### Work item:
From the entries that follow, copy exactly the lines beginning at the line holding "Samolepka Startovní číslo" and continuing through the line holding "Juego de 24".

Dataset items:
========

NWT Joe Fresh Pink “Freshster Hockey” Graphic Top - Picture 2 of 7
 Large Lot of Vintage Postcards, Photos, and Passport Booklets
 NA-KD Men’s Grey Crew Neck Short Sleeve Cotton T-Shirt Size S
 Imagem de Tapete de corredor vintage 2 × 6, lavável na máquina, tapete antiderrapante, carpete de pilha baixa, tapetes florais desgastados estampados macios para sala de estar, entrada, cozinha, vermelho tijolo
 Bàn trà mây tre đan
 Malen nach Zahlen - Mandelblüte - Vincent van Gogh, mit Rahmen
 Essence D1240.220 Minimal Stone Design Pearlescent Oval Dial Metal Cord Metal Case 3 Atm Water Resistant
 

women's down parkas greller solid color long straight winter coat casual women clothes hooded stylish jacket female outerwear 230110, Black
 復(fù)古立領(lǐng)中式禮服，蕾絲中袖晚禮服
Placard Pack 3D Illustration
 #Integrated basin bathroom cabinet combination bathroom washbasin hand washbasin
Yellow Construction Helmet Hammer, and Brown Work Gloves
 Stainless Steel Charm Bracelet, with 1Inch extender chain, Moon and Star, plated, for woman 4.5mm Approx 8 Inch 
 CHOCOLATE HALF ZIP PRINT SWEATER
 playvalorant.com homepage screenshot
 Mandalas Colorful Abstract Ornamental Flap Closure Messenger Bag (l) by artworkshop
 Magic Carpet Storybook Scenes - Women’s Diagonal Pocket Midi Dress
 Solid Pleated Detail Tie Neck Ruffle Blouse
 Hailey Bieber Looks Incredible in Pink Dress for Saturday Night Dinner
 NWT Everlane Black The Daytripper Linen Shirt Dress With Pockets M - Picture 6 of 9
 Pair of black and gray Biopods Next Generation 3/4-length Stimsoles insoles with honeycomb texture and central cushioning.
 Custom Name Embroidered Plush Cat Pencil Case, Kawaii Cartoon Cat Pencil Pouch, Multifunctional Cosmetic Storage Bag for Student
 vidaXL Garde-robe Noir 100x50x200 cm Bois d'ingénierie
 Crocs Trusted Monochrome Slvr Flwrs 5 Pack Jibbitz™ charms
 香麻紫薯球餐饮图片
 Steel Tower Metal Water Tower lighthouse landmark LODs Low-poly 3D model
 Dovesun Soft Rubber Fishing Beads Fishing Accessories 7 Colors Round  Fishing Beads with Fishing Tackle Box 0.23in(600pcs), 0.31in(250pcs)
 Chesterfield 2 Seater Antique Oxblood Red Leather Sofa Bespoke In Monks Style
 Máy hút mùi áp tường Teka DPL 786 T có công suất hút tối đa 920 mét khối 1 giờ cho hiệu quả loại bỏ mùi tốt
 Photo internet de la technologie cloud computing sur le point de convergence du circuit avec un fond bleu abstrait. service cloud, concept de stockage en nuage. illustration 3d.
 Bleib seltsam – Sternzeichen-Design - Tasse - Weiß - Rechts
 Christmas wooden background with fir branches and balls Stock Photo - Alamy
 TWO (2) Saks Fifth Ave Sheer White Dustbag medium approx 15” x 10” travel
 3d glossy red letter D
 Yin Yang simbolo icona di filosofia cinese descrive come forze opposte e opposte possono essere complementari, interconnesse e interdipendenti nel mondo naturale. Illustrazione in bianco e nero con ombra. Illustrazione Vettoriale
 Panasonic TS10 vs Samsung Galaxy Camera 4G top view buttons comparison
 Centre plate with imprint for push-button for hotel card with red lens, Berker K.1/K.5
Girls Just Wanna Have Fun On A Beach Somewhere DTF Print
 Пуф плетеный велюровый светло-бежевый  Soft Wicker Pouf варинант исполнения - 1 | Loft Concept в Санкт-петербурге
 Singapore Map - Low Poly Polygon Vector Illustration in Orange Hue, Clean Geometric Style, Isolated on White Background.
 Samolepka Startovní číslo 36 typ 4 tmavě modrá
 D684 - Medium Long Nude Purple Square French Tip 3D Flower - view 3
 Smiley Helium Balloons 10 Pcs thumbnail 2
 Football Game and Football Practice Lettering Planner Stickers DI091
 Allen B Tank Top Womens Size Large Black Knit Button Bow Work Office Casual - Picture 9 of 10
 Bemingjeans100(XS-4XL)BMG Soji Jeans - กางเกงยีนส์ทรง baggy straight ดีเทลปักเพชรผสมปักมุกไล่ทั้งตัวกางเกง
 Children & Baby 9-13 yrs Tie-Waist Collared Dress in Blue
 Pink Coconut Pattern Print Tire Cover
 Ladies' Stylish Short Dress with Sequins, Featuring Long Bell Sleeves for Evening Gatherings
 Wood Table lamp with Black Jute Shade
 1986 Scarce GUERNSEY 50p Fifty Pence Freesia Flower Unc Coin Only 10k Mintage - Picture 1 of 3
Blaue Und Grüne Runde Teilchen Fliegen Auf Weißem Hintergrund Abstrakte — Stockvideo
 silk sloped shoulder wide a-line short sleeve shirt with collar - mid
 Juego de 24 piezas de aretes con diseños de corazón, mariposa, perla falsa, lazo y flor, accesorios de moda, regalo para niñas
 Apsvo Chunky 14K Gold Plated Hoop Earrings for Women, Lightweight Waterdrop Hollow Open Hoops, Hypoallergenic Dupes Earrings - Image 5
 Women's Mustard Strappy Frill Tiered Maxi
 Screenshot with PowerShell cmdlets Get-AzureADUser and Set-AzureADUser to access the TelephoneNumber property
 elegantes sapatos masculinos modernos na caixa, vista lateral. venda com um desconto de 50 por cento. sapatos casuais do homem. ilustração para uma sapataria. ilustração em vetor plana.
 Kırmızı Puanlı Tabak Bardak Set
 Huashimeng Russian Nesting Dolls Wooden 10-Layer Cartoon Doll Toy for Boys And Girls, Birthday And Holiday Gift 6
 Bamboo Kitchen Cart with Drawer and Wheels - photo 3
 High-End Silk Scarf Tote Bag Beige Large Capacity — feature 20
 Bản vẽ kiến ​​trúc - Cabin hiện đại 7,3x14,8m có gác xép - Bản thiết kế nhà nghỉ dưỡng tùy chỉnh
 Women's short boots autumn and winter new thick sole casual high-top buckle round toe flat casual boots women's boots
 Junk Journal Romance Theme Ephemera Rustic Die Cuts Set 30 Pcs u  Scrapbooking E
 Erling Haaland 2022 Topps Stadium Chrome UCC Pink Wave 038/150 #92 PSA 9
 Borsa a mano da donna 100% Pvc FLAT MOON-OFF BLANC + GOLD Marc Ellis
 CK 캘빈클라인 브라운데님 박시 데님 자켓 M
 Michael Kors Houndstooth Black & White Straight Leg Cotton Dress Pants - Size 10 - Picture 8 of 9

========

### Solved exercise:
 Samolepka Startovní číslo 36 typ 4 tmavě modrá
 D684 - Medium Long Nude Purple Square French Tip 3D Flower - view 3
 Smiley Helium Balloons 10 Pcs thumbnail 2
 Football Game and Football Practice Lettering Planner Stickers DI091
 Allen B Tank Top Womens Size Large Black Knit Button Bow Work Office Casual - Picture 9 of 10
 Bemingjeans100(XS-4XL)BMG Soji Jeans - กางเกงยีนส์ทรง baggy straight ดีเทลปักเพชรผสมปักมุกไล่ทั้งตัวกางเกง
 Children & Baby 9-13 yrs Tie-Waist Collared Dress in Blue
 Pink Coconut Pattern Print Tire Cover
 Ladies' Stylish Short Dress with Sequins, Featuring Long Bell Sleeves for Evening Gatherings
 Wood Table lamp with Black Jute Shade
 1986 Scarce GUERNSEY 50p Fifty Pence Freesia Flower Unc Coin Only 10k Mintage - Picture 1 of 3
Blaue Und Grüne Runde Teilchen Fliegen Auf Weißem Hintergrund Abstrakte — Stockvideo
 silk sloped shoulder wide a-line short sleeve shirt with collar - mid
 Juego de 24 piezas de aretes con diseños de corazón, mariposa, perla falsa, lazo y flor, accesorios de moda, regalo para niñas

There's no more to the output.